*** Opening Input data ***
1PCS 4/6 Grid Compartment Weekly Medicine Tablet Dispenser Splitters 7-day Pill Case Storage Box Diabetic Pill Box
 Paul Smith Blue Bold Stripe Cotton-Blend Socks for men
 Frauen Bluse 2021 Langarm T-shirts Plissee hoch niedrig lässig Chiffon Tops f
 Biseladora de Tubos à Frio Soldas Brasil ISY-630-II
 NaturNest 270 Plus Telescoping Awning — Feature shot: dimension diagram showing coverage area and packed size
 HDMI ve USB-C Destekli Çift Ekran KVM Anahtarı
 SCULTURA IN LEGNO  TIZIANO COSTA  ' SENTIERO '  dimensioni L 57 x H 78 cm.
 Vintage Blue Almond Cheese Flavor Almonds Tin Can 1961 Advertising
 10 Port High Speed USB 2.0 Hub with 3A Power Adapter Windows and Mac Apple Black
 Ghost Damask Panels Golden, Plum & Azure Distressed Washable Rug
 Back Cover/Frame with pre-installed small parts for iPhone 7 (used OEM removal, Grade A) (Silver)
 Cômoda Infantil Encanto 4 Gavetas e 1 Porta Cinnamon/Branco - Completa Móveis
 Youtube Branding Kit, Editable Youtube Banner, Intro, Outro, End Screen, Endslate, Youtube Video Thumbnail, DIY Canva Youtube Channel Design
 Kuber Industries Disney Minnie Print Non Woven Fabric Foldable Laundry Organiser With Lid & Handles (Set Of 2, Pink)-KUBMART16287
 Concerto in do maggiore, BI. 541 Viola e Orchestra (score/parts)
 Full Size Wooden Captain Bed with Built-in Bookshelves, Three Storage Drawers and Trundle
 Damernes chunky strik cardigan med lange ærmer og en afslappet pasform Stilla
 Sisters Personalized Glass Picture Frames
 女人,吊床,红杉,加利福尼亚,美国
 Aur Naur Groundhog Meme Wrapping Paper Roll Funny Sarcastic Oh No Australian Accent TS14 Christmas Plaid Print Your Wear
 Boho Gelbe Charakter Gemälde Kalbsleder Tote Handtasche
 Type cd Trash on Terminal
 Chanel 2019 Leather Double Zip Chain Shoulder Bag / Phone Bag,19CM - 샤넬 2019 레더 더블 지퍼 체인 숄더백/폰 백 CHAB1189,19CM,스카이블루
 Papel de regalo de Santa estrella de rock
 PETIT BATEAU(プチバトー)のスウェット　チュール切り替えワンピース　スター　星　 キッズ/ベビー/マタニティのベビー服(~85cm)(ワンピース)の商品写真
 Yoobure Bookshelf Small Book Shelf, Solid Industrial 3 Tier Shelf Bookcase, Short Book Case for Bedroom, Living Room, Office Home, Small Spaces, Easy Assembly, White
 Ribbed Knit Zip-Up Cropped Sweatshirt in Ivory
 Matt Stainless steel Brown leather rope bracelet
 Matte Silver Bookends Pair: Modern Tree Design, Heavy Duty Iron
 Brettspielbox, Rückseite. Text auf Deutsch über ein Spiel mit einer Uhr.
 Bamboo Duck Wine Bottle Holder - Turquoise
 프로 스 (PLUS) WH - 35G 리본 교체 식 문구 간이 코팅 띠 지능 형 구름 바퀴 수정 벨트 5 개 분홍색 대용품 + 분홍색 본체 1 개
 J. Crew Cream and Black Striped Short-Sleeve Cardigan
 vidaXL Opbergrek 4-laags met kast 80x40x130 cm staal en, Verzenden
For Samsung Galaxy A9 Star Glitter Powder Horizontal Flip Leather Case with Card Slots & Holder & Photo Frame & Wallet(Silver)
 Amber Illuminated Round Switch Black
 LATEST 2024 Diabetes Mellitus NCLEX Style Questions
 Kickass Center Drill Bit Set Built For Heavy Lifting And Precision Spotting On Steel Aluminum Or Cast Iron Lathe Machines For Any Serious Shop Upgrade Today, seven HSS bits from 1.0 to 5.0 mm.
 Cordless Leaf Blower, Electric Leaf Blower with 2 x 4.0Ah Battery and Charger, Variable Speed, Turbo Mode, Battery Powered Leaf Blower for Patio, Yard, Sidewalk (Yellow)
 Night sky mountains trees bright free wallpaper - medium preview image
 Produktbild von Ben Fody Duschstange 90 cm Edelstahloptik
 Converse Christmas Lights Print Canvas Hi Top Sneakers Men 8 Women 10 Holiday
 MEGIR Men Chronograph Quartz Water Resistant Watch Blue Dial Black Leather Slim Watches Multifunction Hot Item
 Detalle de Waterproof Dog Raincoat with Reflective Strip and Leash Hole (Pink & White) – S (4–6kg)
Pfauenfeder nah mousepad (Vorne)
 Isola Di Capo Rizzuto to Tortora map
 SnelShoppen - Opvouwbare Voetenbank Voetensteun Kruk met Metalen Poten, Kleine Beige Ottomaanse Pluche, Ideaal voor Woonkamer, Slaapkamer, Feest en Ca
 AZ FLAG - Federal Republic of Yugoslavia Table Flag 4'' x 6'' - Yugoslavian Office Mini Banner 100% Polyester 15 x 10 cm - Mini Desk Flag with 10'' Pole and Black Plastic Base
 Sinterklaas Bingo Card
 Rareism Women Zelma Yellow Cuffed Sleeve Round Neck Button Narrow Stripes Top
*** Closing Input data ***
### Your objective
Word for word, write out each of the records shown above.

### Exercise solution
1PCS 4/6 Grid Compartment Weekly Medicine Tablet Dispenser Splitters 7-day Pill Case Storage Box Diabetic Pill Box
 Paul Smith Blue Bold Stripe Cotton-Blend Socks for men
 Frauen Bluse 2021 Langarm T-shirts Plissee hoch niedrig lässig Chiffon Tops f
 Biseladora de Tubos à Frio Soldas Brasil ISY-630-II
 NaturNest 270 Plus Telescoping Awning — Feature shot: dimension diagram showing coverage area and packed size
 HDMI ve USB-C Destekli Çift Ekran KVM Anahtarı
 SCULTURA IN LEGNO  TIZIANO COSTA  ' SENTIERO '  dimensioni L 57 x H 78 cm.
 Vintage Blue Almond Cheese Flavor Almonds Tin Can 1961 Advertising
 10 Port High Speed USB 2.0 Hub with 3A Power Adapter Windows and Mac Apple Black
 Ghost Damask Panels Golden, Plum & Azure Distressed Washable Rug
 Back Cover/Frame with pre-installed small parts for iPhone 7 (used OEM removal, Grade A) (Silver)
 Cômoda Infantil Encanto 4 Gavetas e 1 Porta Cinnamon/Branco - Completa Móveis
 Youtube Branding Kit, Editable Youtube Banner, Intro, Outro, End Screen, Endslate, Youtube Video Thumbnail, DIY Canva Youtube Channel Design
 Kuber Industries Disney Minnie Print Non Woven Fabric Foldable Laundry Organiser With Lid & Handles (Set Of 2, Pink)-KUBMART16287
 Concerto in do maggiore, BI. 541 Viola e Orchestra (score/parts)
 Full Size Wooden Captain Bed with Built-in Bookshelves, Three Storage Drawers and Trundle
 Damernes chunky strik cardigan med lange ærmer og en afslappet pasform Stilla
 Sisters Personalized Glass Picture Frames
 女人,吊床,红杉,加利福尼亚,美国
 Aur Naur Groundhog Meme Wrapping Paper Roll Funny Sarcastic Oh No Australian Accent TS14 Christmas Plaid Print Your Wear
 Boho Gelbe Charakter Gemälde Kalbsleder Tote Handtasche
 Type cd Trash on Terminal
 Chanel 2019 Leather Double Zip Chain Shoulder Bag / Phone Bag,19CM - 샤넬 2019 레더 더블 지퍼 체인 숄더백/폰 백 CHAB1189,19CM,스카이블루
 Papel de regalo de Santa estrella de rock
 PETIT BATEAU(プチバトー)のスウェット　チュール切り替えワンピース　スター　星　 キッズ/ベビー/マタニティのベビー服(~85cm)(ワンピース)の商品写真
 Yoobure Bookshelf Small Book Shelf, Solid Industrial 3 Tier Shelf Bookcase, Short Book Case for Bedroom, Living Room, Office Home, Small Spaces, Easy Assembly, White
 Ribbed Knit Zip-Up Cropped Sweatshirt in Ivory
 Matt Stainless steel Brown leather rope bracelet
 Matte Silver Bookends Pair: Modern Tree Design, Heavy Duty Iron
 Brettspielbox, Rückseite. Text auf Deutsch über ein Spiel mit einer Uhr.
 Bamboo Duck Wine Bottle Holder - Turquoise
 프로 스 (PLUS) WH - 35G 리본 교체 식 문구 간이 코팅 띠 지능 형 구름 바퀴 수정 벨트 5 개 분홍색 대용품 + 분홍색 본체 1 개
 J. Crew Cream and Black Striped Short-Sleeve Cardigan
 vidaXL Opbergrek 4-laags met kast 80x40x130 cm staal en, Verzenden
For Samsung Galaxy A9 Star Glitter Powder Horizontal Flip Leather Case with Card Slots & Holder & Photo Frame & Wallet(Silver)
 Amber Illuminated Round Switch Black
 LATEST 2024 Diabetes Mellitus NCLEX Style Questions
 Kickass Center Drill Bit Set Built For Heavy Lifting And Precision Spotting On Steel Aluminum Or Cast Iron Lathe Machines For Any Serious Shop Upgrade Today, seven HSS bits from 1.0 to 5.0 mm.
 Cordless Leaf Blower, Electric Leaf Blower with 2 x 4.0Ah Battery and Charger, Variable Speed, Turbo Mode, Battery Powered Leaf Blower for Patio, Yard, Sidewalk (Yellow)
 Night sky mountains trees bright free wallpaper - medium preview image
 Produktbild von Ben Fody Duschstange 90 cm Edelstahloptik
 Converse Christmas Lights Print Canvas Hi Top Sneakers Men 8 Women 10 Holiday
 MEGIR Men Chronograph Quartz Water Resistant Watch Blue Dial Black Leather Slim Watches Multifunction Hot Item
 Detalle de Waterproof Dog Raincoat with Reflective Strip and Leash Hole (Pink & White) – S (4–6kg)
Pfauenfeder nah mousepad (Vorne)
 Isola Di Capo Rizzuto to Tortora map
 SnelShoppen - Opvouwbare Voetenbank Voetensteun Kruk met Metalen Poten, Kleine Beige Ottomaanse Pluche, Ideaal voor Woonkamer, Slaapkamer, Feest en Ca
 AZ FLAG - Federal Republic of Yugoslavia Table Flag 4'' x 6'' - Yugoslavian Office Mini Banner 100% Polyester 15 x 10 cm - Mini Desk Flag with 10'' Pole and Black Plastic Base
 Sinterklaas Bingo Card
 Rareism Women Zelma Yellow Cuffed Sleeve Round Neck Button Narrow Stripes Top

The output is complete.